で、そんなキトサンに脂肪酸を結合させた新しい素材が開発されたそうな。
作ったのは天然新素材科学研究所株式会社というベンチャー企業で、
静岡県立大学と共同研究しているそうな。
で、この新しい原料は「エクセルキトサン」と呼ばれています。
キトサン誘導体ってことですが、作用は乳化剤。
で、このエクセルキトサンの特徴は
①強電解性であるため、酸性のみならず中性、アルカリ性でも水に溶解可。
同時に、水溶液の物性は、各種の物質と共用することが容易。
つまり、とっても溶けやすくて加工しやすいってこと。
②長鎖脂肪酸をキトサン1 残基当たり10~20% 結合しており、オイルに対して強い乳化力を示し、
乳化が長期間安定。また、脂肪酸の存在で皮膚とのなじみが良い。
つまり、簡単に安定的に乳化できますよってこと。

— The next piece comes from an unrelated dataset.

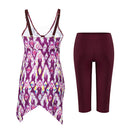 2 Piece Tankini Swimsuit with Double Shoulder Straps
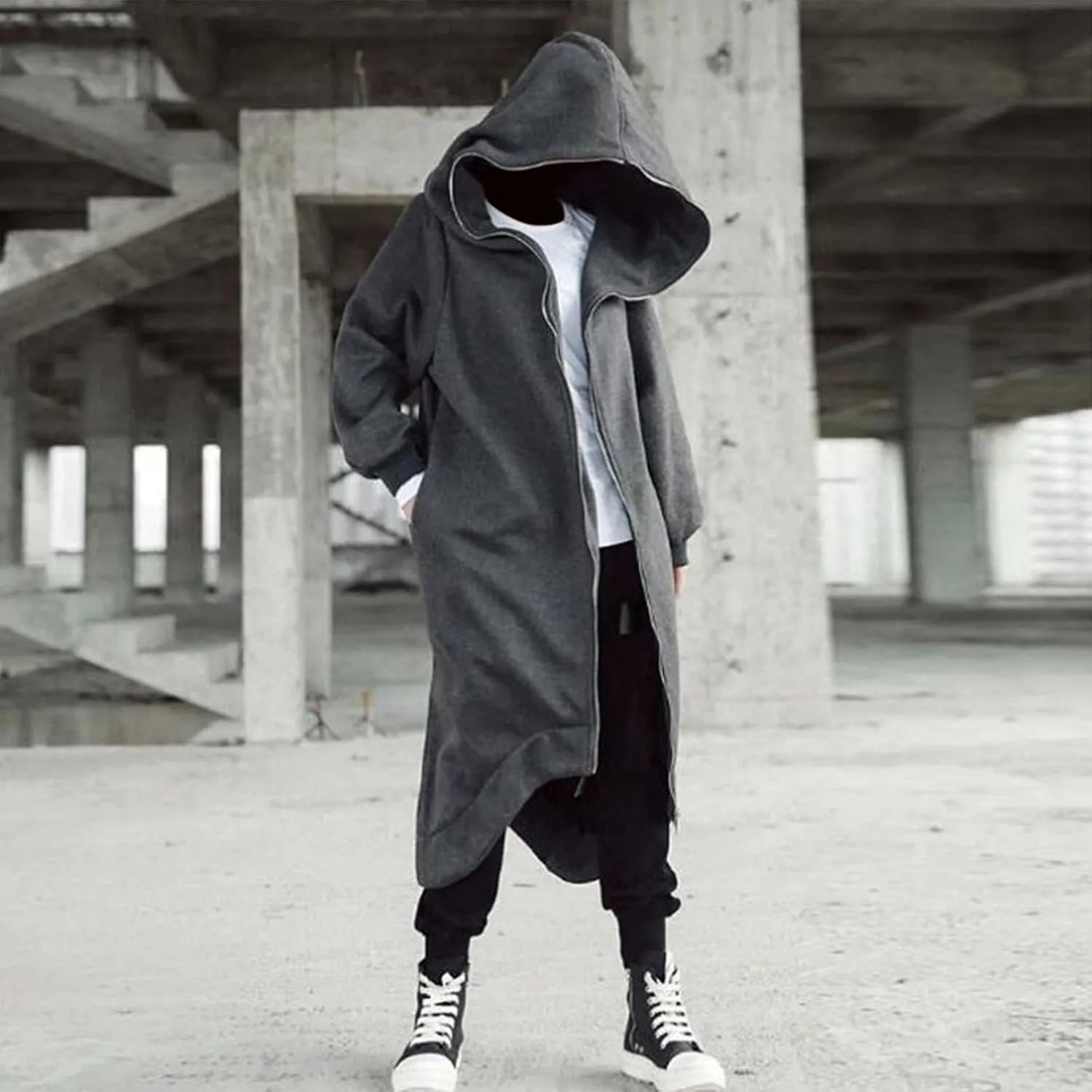 LCMTWX Men's Hooded Fleece Sweatshirt Large Size Sweater Jacket With Zip Pockets Graphic Drawstring Pullover Long Sleeve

しかも使用感もよいってわけ。
③キトサンのアミノ基を多数残す事及び四級アンモニウム基の導入により、
抗菌性や保湿などキトサン本来の機能として知られる様々な薬理的機能を保持。
つまり、乳化剤にして、防腐作用と保湿作用を兼ね備えているということ。
④疎水性表面を持つ二酸化チタンや酸化亜鉛等の粉末の表面に吸着し、水中で安定に分散可能。
よくあるナノ金属のコーティング剤として使えますよってこと。
⑤正電荷を持つことにより、皮膚や毛髪との相互作用が大きい。
つまり、陽イオン性界面活性剤のような働きもできるので、コーティング剤にも使えるわけさ。
しかも、安全性は非常に高いとのこと。
細胞生存率の試験では、細胞が死ぬどころか増えているという結果に。
細胞賦活作用まであるんじゃね?って勢いです。
で、メーカー曰くですが、エクセルキトサンは多機能性化粧品新素材で、
以下のような働きが期待できるんだとか。
①素肌のNMFを増加させる保湿作用
② ダメージを受けた肌を保護し、肌荒れを改善
③ 角質層との親和性を高める肌のバリア機能向上
④シワ・タルミを抑制する老化防止作用
⑤細胞レベルで若返りを促進する細胞活性作用
⑥皮膚常在菌のバランスを整える清肌作用
⑦清らかな質感を体感できるすべり感向上作用
⑤の細胞活性作用は、細胞生存率の試験でそうれっぽいデータが
でていますが、残りのは実際にどうかはちょっとわかりかねますかね。
⑥は抗菌作用があるので、選別的に作用する??
②、③、⑦は肌表面に膜を張ることになるので、
まあ、なんとなく想像できるかな?
④はちょっとわからん。
まあ、非常に面白そうな原料ではありますが、
残念ながらとあるOEMメーカーが専売しているんで、
原料を買うことができないっぽい。
エクセルキトサンを使って、オリジナル性を持った商品を作りたければ、
そこに頼むしかないってことさね。